On August 19, 1986, appellant brought an action in district court to enjoin issuance of the variance and permit, and to ask for attorney fees, costs and disbursements. Following a motion of respondents, the district court dismissed the action, ruling that Fish Hook had not appealed within the 30 day appeal time imposed by Hubbard County Shoreline Management Ordinance (HCSMO) § 7.23(f), and Minn.Stat. § 394.27, subd. 9 (1984).

Fish Hook appeals the dismissal. We affirm.

FACTS

Grover Brothers, respondents on appeal, applied to Hubbard County 1 for a conditional use permit to construct a seasonal mobile home park on Fish Hook Lake, which is located in Hubbard County. On June 16, 1986, after discussion at a regular public meeting, the Hubbard County Board of Adjustment granted respondent a conditional use permit and zoning variance for the construction. The permit was subject to certain contingencies, among them approval of the site plan and of restrictive covenants. The Board’s June 16 oral approval of respondent’s permit was reduced to a writing in a Board order dated June 19, 1986.

Some time after the June 16 Board meeting, property owners on Fish Hook Lake, 2 some of whom attended the June 16 meeting to voice objections to the permit, formed Fish Hook Association, Inc. and retained counsel for the purpose of challenging the validity of respondent’s permit. On July 9, 1986, appellant’s attorney notified the county attorney by letter of appellant’s objections to the permit. The only one of these objections at issue on appeal is appellant’s claim that notice to Fish Hook of the Board’s order granting Grover its permit was defective.

Appellant’s members wanted a second chance to further voice objections to Grover’s planned mobile park and settle the *694 matter out of court, if possible. Appellant’s attorney wrote to the Board:

Obviously, the Association would like to resolve this matter outside of the Court process, but does expect that it will have an opportunity to have its membership appear before the Board of Commissioners, an elective body. This is in conformance with the Ordinance. Also, the Association, in expecting the County Departments to follow the Ordinance must [itself] follow * * * the Ordinance. Specifically, Section 7.23(f) requires that a person aggrieved by a decision of the Board of Adjustment in granting a conditional use permit must make its appeal to the District Court within 30 days of receipt.
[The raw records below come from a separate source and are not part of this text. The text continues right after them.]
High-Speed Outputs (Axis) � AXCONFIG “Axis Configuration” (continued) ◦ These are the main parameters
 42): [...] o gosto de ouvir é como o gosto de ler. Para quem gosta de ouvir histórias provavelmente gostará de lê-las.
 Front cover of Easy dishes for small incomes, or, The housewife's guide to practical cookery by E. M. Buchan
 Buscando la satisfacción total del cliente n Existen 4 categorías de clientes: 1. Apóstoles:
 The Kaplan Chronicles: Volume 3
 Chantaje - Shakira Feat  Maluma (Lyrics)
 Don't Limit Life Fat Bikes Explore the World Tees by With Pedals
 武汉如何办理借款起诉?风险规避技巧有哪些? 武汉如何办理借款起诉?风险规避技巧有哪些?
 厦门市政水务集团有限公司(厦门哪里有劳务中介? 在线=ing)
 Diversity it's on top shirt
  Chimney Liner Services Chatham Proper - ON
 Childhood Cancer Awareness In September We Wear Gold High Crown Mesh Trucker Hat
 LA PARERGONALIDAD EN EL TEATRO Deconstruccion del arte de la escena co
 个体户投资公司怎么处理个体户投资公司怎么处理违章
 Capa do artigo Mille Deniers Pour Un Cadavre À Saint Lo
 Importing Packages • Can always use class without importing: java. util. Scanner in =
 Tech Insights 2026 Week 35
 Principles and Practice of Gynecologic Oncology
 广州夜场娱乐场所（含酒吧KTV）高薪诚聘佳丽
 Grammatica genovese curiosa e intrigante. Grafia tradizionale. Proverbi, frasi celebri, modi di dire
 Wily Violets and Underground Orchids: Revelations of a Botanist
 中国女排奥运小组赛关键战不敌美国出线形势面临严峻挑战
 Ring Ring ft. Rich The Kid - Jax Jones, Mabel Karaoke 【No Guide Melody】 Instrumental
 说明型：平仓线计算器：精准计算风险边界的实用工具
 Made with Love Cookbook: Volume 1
That time limit expires on July 21 [1986] because of the intervening weekend.

Appellant did not file a formal application to the Board of Commissioners, but was granted the opportunity to be heard at the upcoming July 21, 1986, Board meeting. After hearing appellant’s objections at the July 21 Board meeting, the Board reaffirmed its June 19 written order.

On August 19, 1986, appellant moved in district court to enjoin Grover’s construction. The trial court dismissed the matter for failure to bring the action within the 30 day time limit imposed by HCSMO § 7.23(f) and Minn.Stat. § 397.27, subd. 9 (1984). The trial court found the 30 day time limit began to run no later than June 19th, rather than July 21st, as appellant claims. Thus, the trial court found the August 19th motion was untimely. Fish Hook Association appeals.

ISSUE

Did the trial court properly dismiss appellant’s suit for failure to appeal within the 30 day time limit imposed by HCSMO § 7.23(f) and Minn.Stat. § 394.27, subd. 9?

ANALYSIS

Appellant challenges the validity of the trial court’s ruling that appellant did not file its district court action within 30 days of the Board’s final decision. The trial court found the July 21, 1986, Board meeting merely confirmed the June 16 oral decision and June 19 written order, 3 and that the June decision is a final decision for purposes of appealing this action to the district court. The court also found that appellant made no formal application for rehearing. Therefore, the court concluded, the 30 day appeal time expired before appellant filed its district court action.

Minn.Stat. § 394.21 (1984), which gives counties the authority to carry on planning and zoning activities, states the statute is “for the purpose of promoting the health, safety, morals, and general welfare of the community * * Thus, the standard of review of a zoning classification is “whether the classification is reasonably related to the promotion of the public health, safety, morals or general welfare.” Honn v. City of Coon Rapids, 313 N.W.2d 409, 417 (Minn.1981) (emphasis in original).

HCSMO § 1.7 gives the standard the Board must follow when considering a grant of a variance or conditional use permit:

In their interpretation and application, the provisions of this ordinance shall be held to be minimum requirements and shall be liberally construed in favor of the County and shall not be deemed a limitation or repeal of any other powers granted by Minnesota Statutes.

HCSMO § 7.42(f) and Minn.Stat. § 394.27, subd. 9 (1984) empower the Board to review decisions to grant or deny variances. See In Re Kenney, 374 N.W.2d 271, 275 (Minn.1985) (state law and county ordinance gave Board of Adjustment authority to grant variance).

Appellant contends the trial court erred by finding Fish Hook failed to appeal within the 30 day limitation period provided in HCSMO § 7.42(f) which states, in pertinent part:

that any aggrieved person or persons * * * shall have the right to appeal with- *695 m thirty (30) days after receipt of notice of the decision * * *.

(Emphasis added). Minn.Stat. § 394.27, subd. 9 contains a parallel provision.

Appellant claims it was entitled to written notice of the June 1986 decision as an “aggrieved person” under sec. 7.42(f) and sec. 394.27, subd.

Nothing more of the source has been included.